The male shoved Fralk toward the bridge. “Go on,” he said harshly. “Never let us see you on this side again.”
See me you shall, Fralk said, but only to himself. He stepped out onto the cables of the bridge.
“Once you are across, we will cut it,” the male told him. “If you do not hurry, we will not bother to wait.”
Fralk hurried. His toes wrapped around the lower rope; his fingerclaws gripped the upper one. He walked out over empty space. On the eastern side of the gorge, the one he was leaving, the males of Reatur’s clan grew smaller.
The western side, though, the lands of the Skarmer clans, did not seem any closer. Even down close to its bottom, the gorge was too wide to yield him sight of progress so soon. And with one wall visibly receding while the other appeared fixed in place, Fralk had the eerie feeling that the canyon was stretching itself like a live thing as he traveled, that he might never reach the far side.
The wind whistled around, above, below. Over the heart of the gorge, Fralk let an eyestalk turn downward, and another up. The other four, as usual, looked all about. Only the thin lines of the rope bridge, extending in the direction he had come and toward his destination, gave his vision a clue he was not a mote suspended in the center of infinite space.

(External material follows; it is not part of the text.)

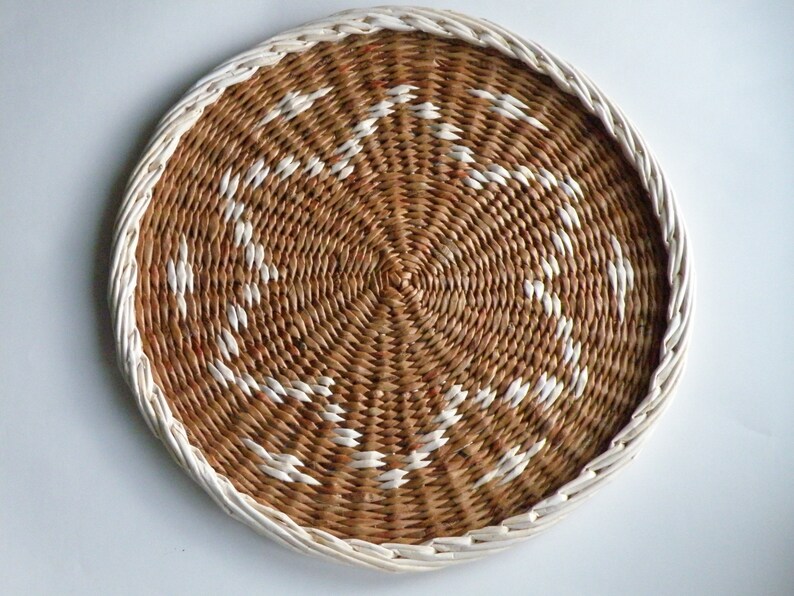 Round woven Disc wall Decor Wicker African wall basket Large Etsy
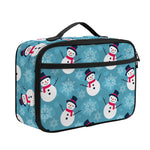 Snowman And Snowflake Pattern Print Portable Lunch Bag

The sensation was so daunting that he stopped, forgetting the male’s threat. If the gorge were infinitely wide, how could movement matter? He looked down and down and down, to the boulders far, far below. For a giddy moment, he thought they were calling to him. If he let go of the ropes, for how long would he fall?
That reminded him he might indeed fall, regardless of whether he let go. The Omalo males would know how long someone took to cross the bridge and surely would allow him no excess time, not when they knew he and his wanted to supplant them. Telling that to Reatur had perhaps been less than wise. But then, Fralk had reckoned there was a fair chance the domain-master would yield. How little folk on one side of a gorge understood those on the other!
Fralk hurried onward. Every tremor of the bridge in the wind set him to quivering with fright, thinking he was about to be pitched into the abyss.
At last the far side of the gorge began to appear closer, while the one from which he had come seemed frozen and distant in space: the reverse of the stretching he had nervously imagined before. The males he could see were his own solid Skarmer budmates, not scrawny easterners.
They helped pull him off the bridge and clustered around him. “What word, eldest of eldest?” called Niress, the commander of the crossing.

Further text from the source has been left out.